§ Exercise
Reproduce, exactly and only, the lines of the data that follows from the one containing "(20180502_100335.jpg, 177.26 Kb, 482 )" down to the one containing "English Cocker Spaniel", without pictures.

§ Records to use
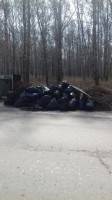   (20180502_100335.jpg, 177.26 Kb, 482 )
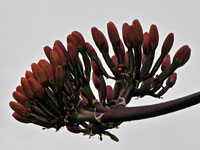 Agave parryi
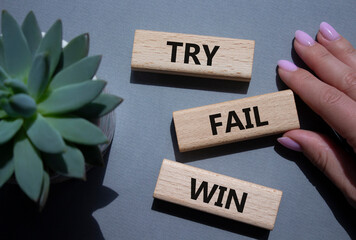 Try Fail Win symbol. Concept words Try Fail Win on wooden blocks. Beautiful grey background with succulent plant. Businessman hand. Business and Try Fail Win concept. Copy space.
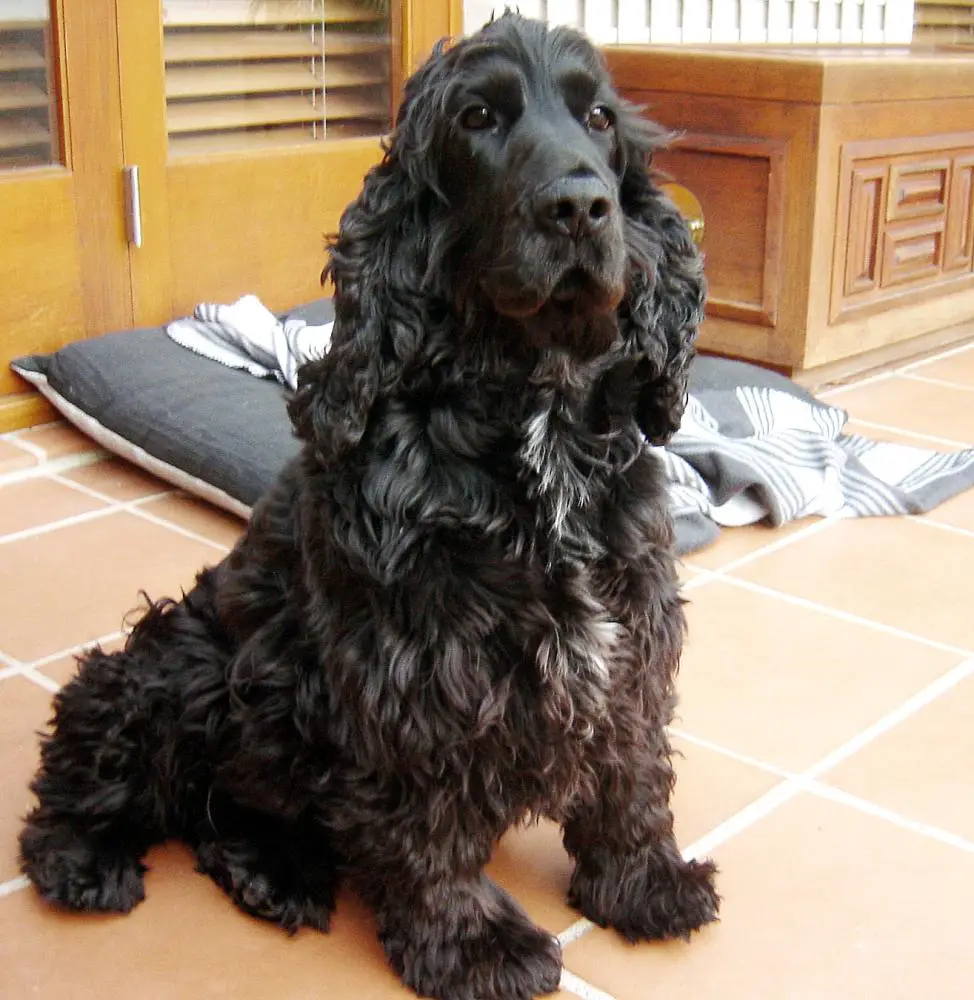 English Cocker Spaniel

* * *

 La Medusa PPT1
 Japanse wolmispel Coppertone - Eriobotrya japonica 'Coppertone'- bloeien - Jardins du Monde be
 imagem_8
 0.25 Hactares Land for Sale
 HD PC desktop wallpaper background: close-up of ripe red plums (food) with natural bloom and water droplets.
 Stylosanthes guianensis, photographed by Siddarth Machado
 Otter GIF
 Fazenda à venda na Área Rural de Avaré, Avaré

§ Task answer
   (20180502_100335.jpg, 177.26 Kb, 482 )
 Agave parryi
 Try Fail Win symbol. Concept words Try Fail Win on wooden blocks. Beautiful grey background with succulent plant. Businessman hand. Business and Try Fail Win concept. Copy space.
 English Cocker Spaniel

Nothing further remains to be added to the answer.